━━ Supplied material ━━

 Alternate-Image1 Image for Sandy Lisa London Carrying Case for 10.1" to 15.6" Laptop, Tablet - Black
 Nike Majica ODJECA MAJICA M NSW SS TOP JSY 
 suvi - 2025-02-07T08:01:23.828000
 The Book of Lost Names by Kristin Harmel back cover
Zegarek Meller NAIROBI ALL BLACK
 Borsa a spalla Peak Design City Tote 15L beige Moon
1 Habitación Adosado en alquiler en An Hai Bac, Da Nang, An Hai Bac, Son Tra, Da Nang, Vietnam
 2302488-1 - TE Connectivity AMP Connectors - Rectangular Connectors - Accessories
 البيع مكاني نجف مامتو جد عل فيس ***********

━━━
━━ Supplied material ━━

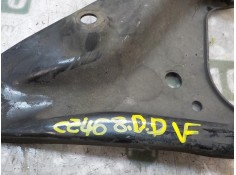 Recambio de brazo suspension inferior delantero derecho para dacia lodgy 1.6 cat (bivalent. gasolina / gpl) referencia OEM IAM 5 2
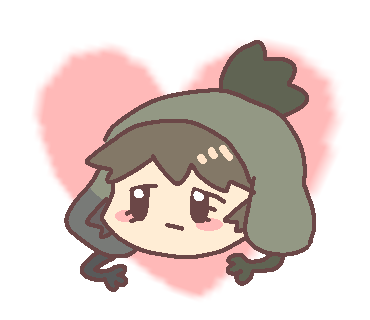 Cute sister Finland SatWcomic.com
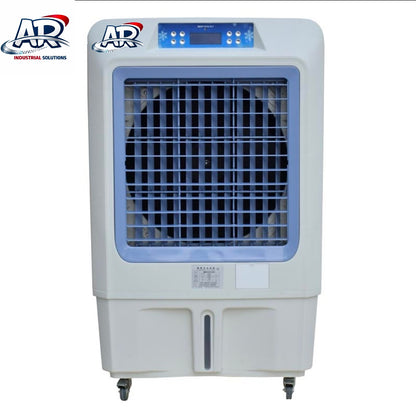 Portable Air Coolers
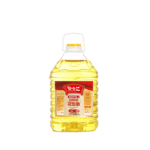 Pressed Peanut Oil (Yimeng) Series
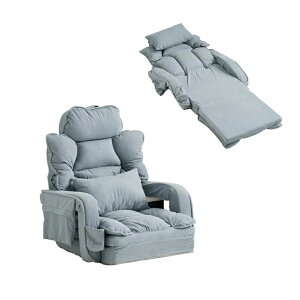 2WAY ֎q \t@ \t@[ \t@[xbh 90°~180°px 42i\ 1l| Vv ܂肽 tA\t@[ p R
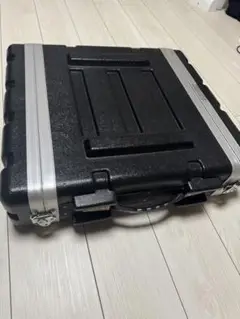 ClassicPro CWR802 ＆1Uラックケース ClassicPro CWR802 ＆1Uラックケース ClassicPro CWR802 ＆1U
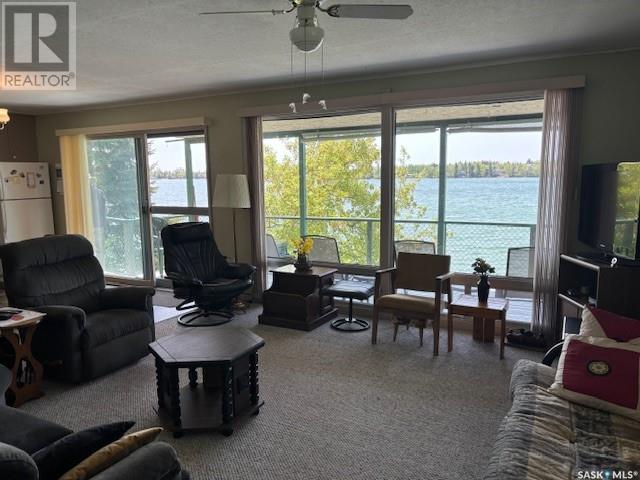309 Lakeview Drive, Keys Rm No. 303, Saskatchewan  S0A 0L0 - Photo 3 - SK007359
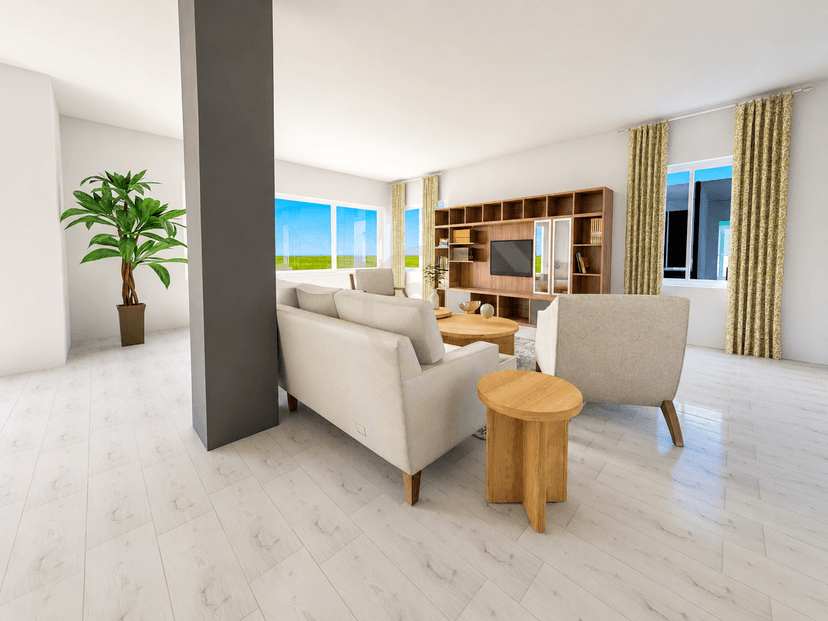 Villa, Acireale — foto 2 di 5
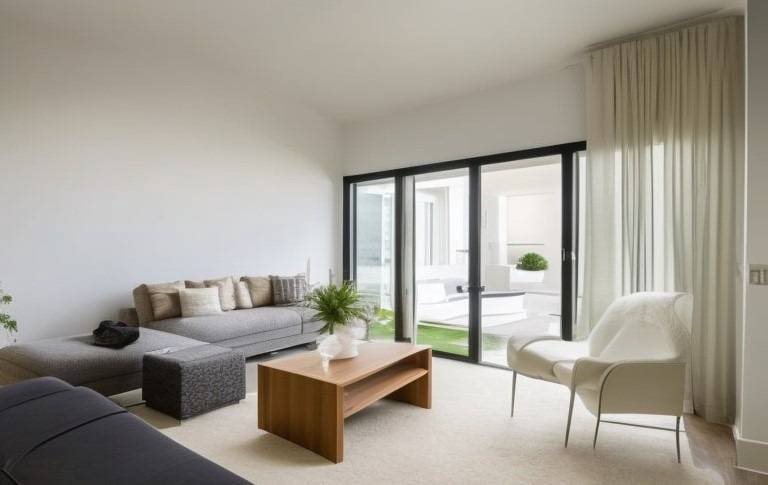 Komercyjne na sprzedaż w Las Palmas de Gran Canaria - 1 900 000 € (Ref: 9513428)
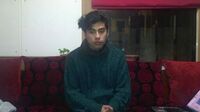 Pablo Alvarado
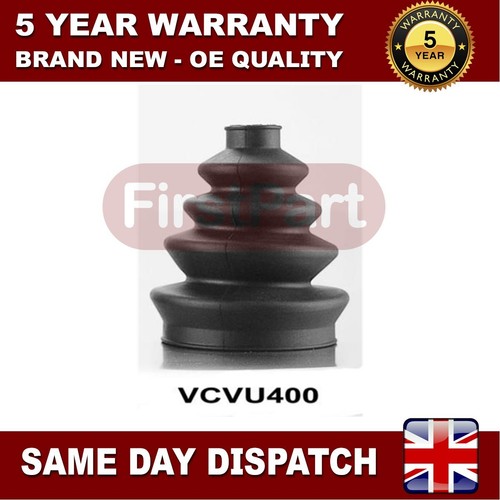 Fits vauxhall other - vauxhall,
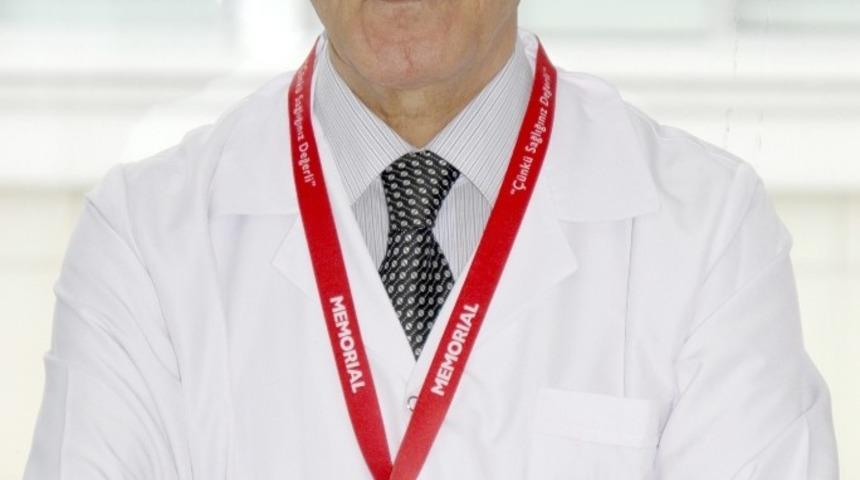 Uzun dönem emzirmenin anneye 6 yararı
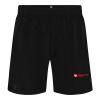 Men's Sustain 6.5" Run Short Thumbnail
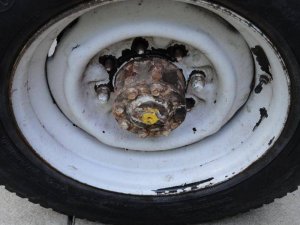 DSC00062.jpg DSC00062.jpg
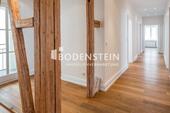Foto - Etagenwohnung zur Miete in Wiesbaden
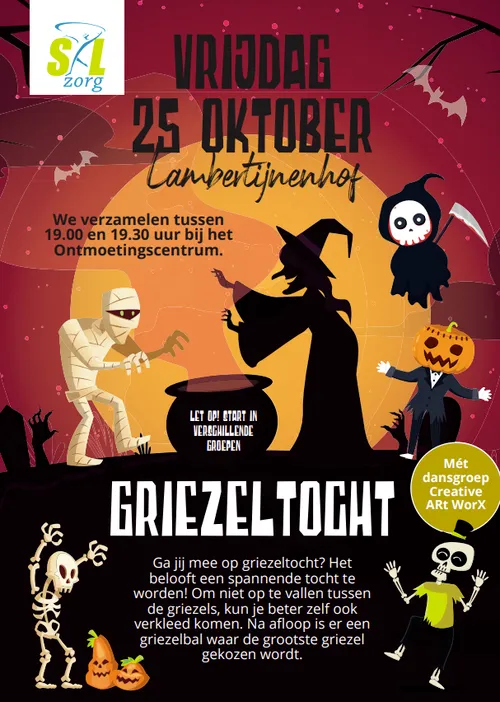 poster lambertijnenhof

━━━
━━ Supplied material ━━

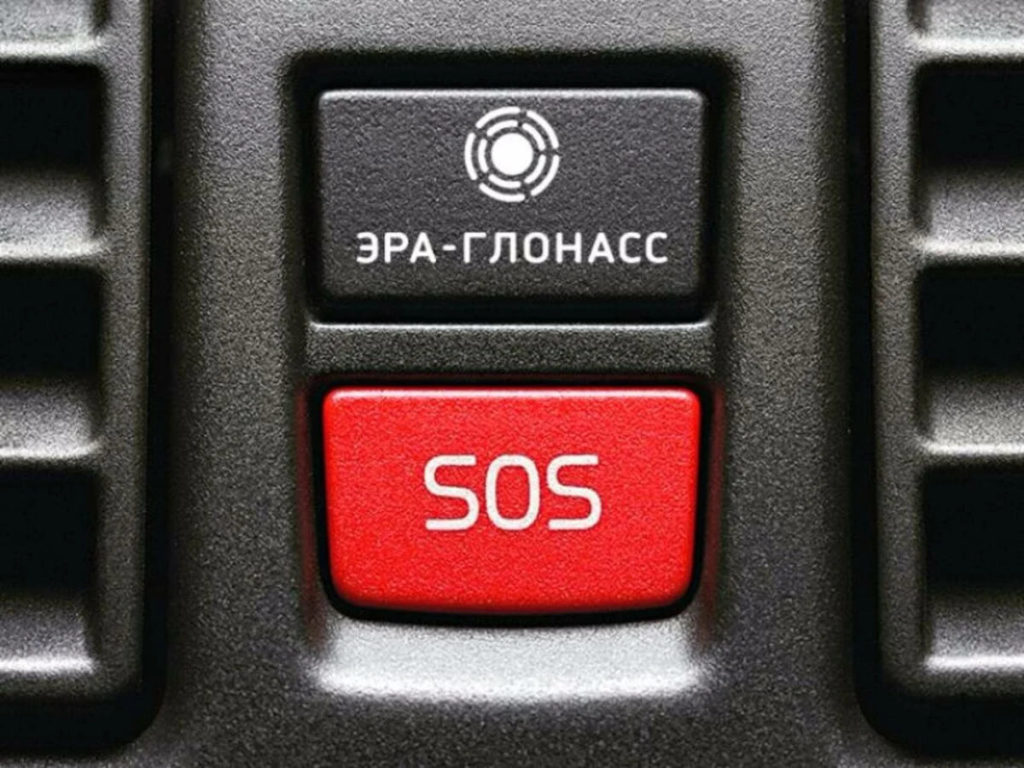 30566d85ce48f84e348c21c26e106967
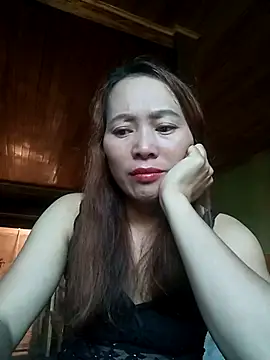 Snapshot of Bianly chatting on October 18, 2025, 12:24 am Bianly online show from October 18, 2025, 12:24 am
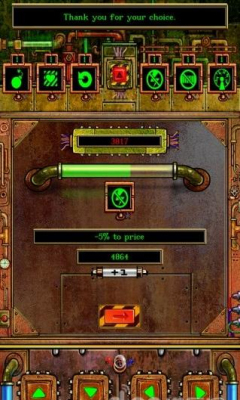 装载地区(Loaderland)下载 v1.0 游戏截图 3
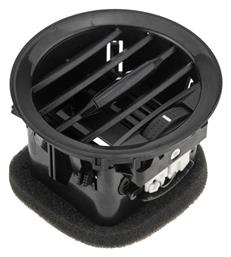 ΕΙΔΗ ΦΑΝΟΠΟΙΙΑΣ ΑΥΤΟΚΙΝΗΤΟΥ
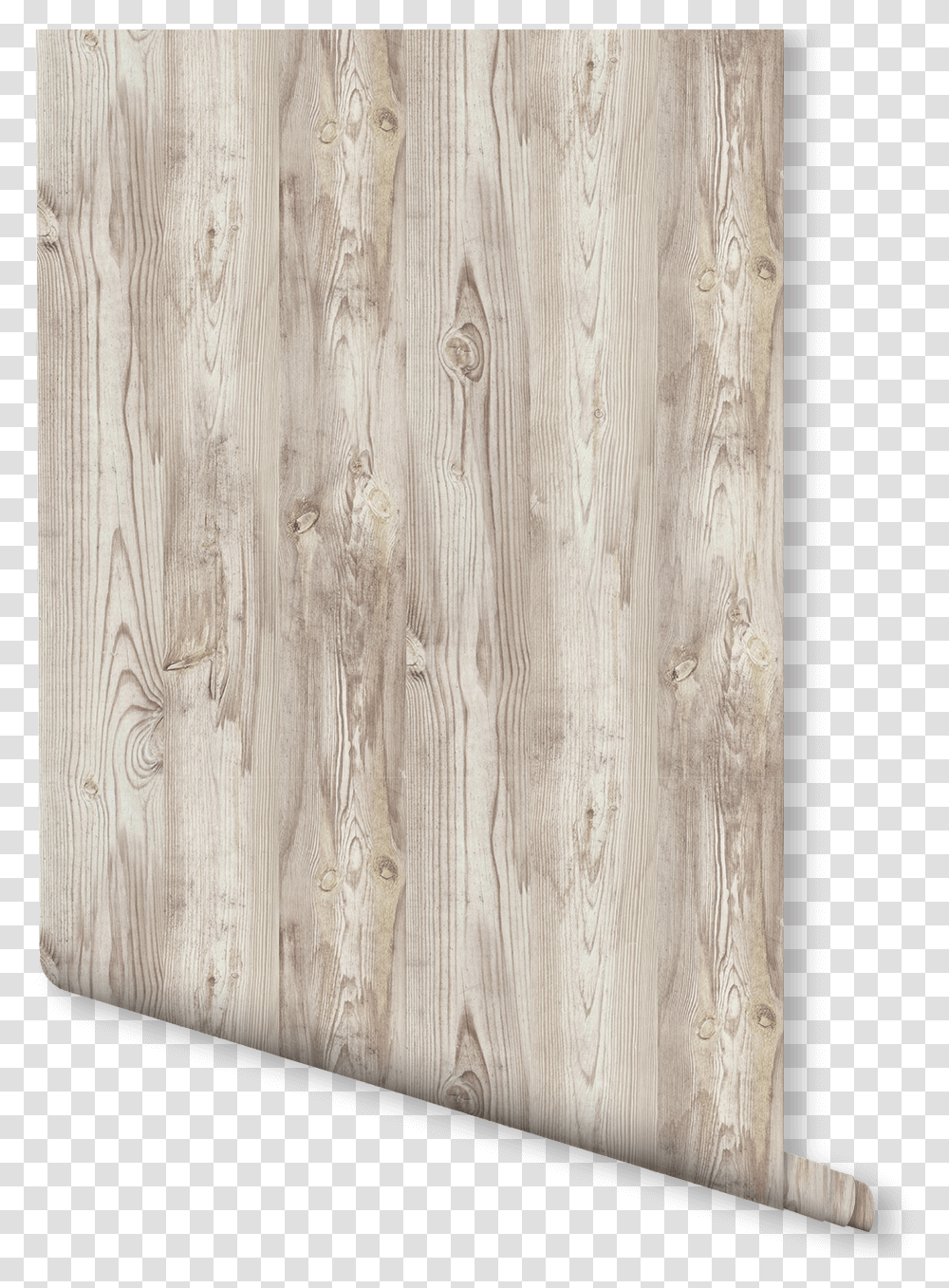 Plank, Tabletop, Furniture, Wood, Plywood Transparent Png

━━━

Description of the task:
Repeat, word for word, the lines of the material above from the one holding "Villa, Acireale — foto 2 di 5" through the one holding "DSC00062.jpg DSC00062.jpg". Leave out pictures.

Response below:
 Villa, Acireale — foto 2 di 5
 Komercyjne na sprzedaż w Las Palmas de Gran Canaria - 1 900 000 € (Ref: 9513428)
 Pablo Alvarado
 Fits vauxhall other - vauxhall,
 Uzun dönem emzirmenin anneye 6 yararı
 Men's Sustain 6.5" Run Short Thumbnail
 DSC00062.jpg DSC00062.jpg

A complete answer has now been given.